这人的一张脸几乎已完全血肉模糊,没有人还能看得出他的脸上还有什么表情,但他的嘴唇却还在动,似乎想说什么话。
杜沉非蹲了下来,他盯着长衫人,脸上也露出了痛苦的表情,缓缓说:“多谢!是你救了我,我欠你一条命。”
过了很久,长衫人才一字字又含糊不清地说:“不必!你也救过我一次。”他说得很吃力,也很慢,仿佛已用尽了他所有的力气。
杜沉非很明白,在这个时候,即使是神仙出马,也救不了长衫人的性命,但他还是扶着长衫人的手臂:“你现在怎么样?我背你下山,去找个医生,好不好?”
长衫人缓缓道:“不必!”
杜沉非不解地“哦”了一声。
长衫人的喉结在不断的上下蠕动,又过了很久,才说:“我们……这次来……就已……不打算……再活着回去……”
杜沉非在听,可是长衫人却并没有再说下去,因为他已完全没有了继续说下去的力气,他的身体都已经在不停地抽搐。
杜沉非扶着他坐了起来,靠在一块石头上。
这人一张已看不出任何表情的脸,露出他那白森森的牙齿,似乎还在向着杜沉非微笑,也似乎在向着这个他即将离开的世界微笑。
杜沉非的脸色铁青,他盯着这人的双眼:“请问,你叫作什么名字?”
长衫人在不断地喘着气,过了很久,他才终于以一种十分微弱的声音缓缓说:“我没有名字……我从小就没有父母……我们共同的名字……重剑团。”
杜沉非点了点头:“重剑团很好。”
此刻,长衫人的双眼已变得完全无光,但他还是努力地说:“但……我的大哥……还给我起了个名字……”
杜沉非问长衫人:“是什么名字?”
长衫人的双眼已慢慢地合上,他的声音很轻也很模糊,模糊得就如同来自天边:“小鱼蛋。”

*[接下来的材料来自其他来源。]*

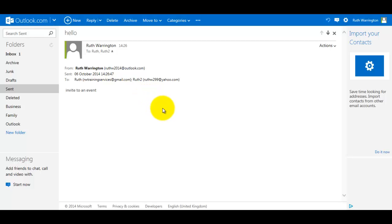So that's how you would send one email to lots of different people on your contacts list using the To format, the CC format, and the BCC format. Okay, thanks for watching. Please subscribe to my channel for further training videos. See you next time.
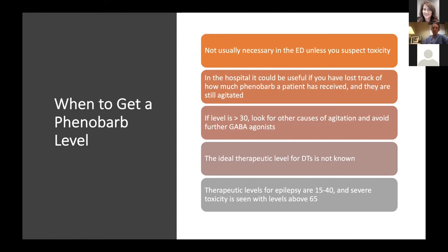Checking levels can be very useful for people in the hospital who may have lost track of how much phenobarb the patient received. For example, if you're on the floor caring for a patient and 24 hours after admission they're looking more agitated or tremulous, you could get a level. If their level's over 30, they certainly don't need any more phenobarb and probably need to be worked up for another cause of agitation, or maybe started on Precedex and put in the ICU. If their level's very low — like five — you'd feel very comfortable reloading. It's important to note that nobody really knows the ideal therapeutic level for DTs; we're extrapolating from the epilepsy literature, which is a reasonable starting point for thinking about toxicity.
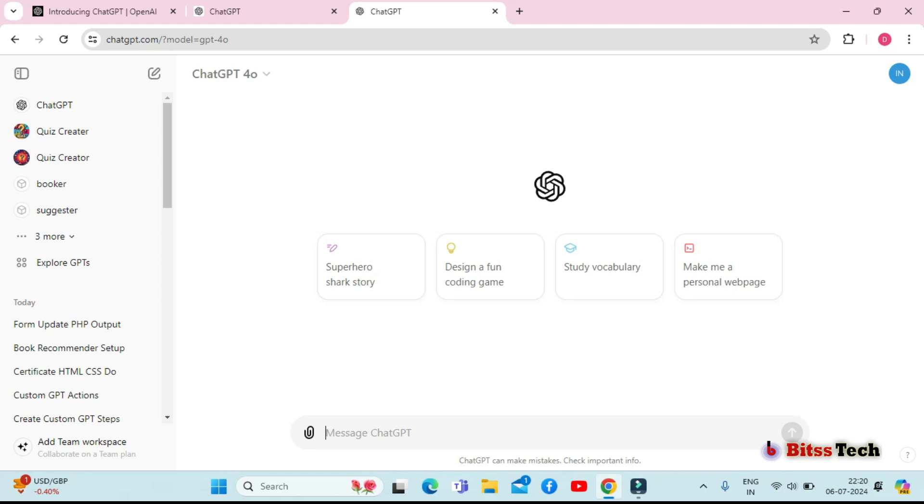Hi everyone, today I'm super excited to show you all how to create your very own custom GPT in ChatGPT. And to make it even more interesting, I'll be using my custom GPT book recommender as an example. So let's get started.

小鱼蛋,是他的名字,也是他这一生中,所说的最后三个字。
他一说到这三个字,他的脸上立刻又露出了微笑。
他的脸,红得就像是太阳。
他脸上的微笑,灿烂得也像是太阳。
太阳的光芒,正照在他的脸上。
也许在别人看来,他这一张已完全被打得狰狞扭曲的脸上所露出的微笑,是这个世界上最难看最怪异的笑,但是他现在已完全不必在乎别人的看法。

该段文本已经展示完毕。